**The problem**
Leaving out pictures, output exactly the lines below from the one that has "Brighton beach and" through the one that has "Welcome home to", and nothing else.

(Beginning of Data to use)

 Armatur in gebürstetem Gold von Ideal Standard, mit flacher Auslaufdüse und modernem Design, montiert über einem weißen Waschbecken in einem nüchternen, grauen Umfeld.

(End of Data to use)
(Beginning of Data to use)

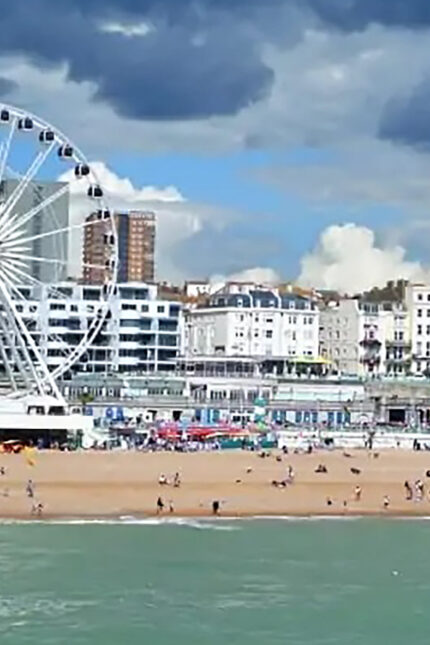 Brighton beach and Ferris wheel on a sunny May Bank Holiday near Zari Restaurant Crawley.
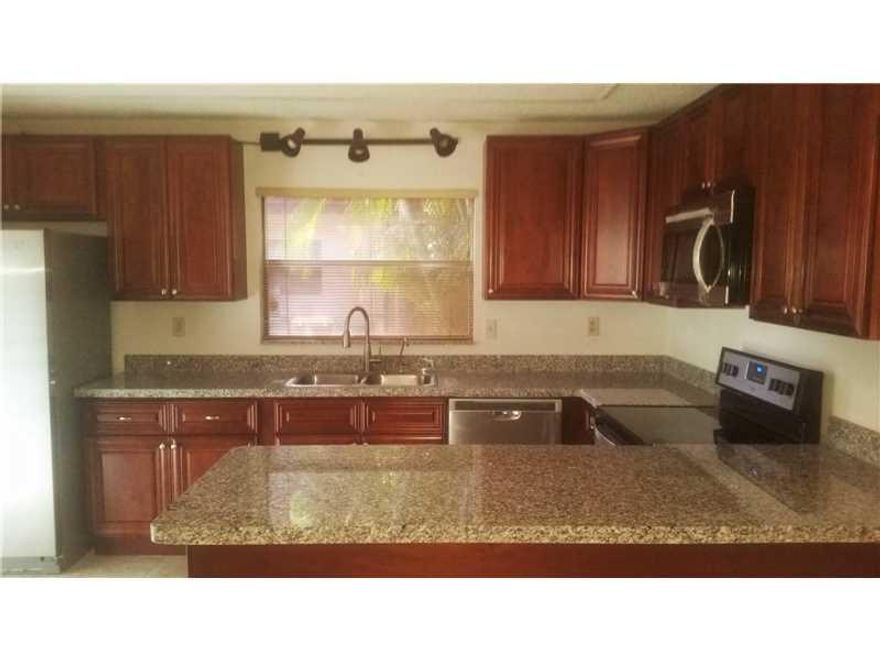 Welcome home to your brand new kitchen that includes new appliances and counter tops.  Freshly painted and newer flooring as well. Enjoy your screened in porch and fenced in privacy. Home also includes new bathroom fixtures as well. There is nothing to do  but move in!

(End of Data to use)

**Solution to the problem**
 Brighton beach and Ferris wheel on a sunny May Bank Holiday near Zari Restaurant Crawley.
 Welcome home to your brand new kitchen that includes new appliances and counter tops.  Freshly painted and newer flooring as well. Enjoy your screened in porch and fenced in privacy. Home also includes new bathroom fixtures as well. There is nothing to do  but move in!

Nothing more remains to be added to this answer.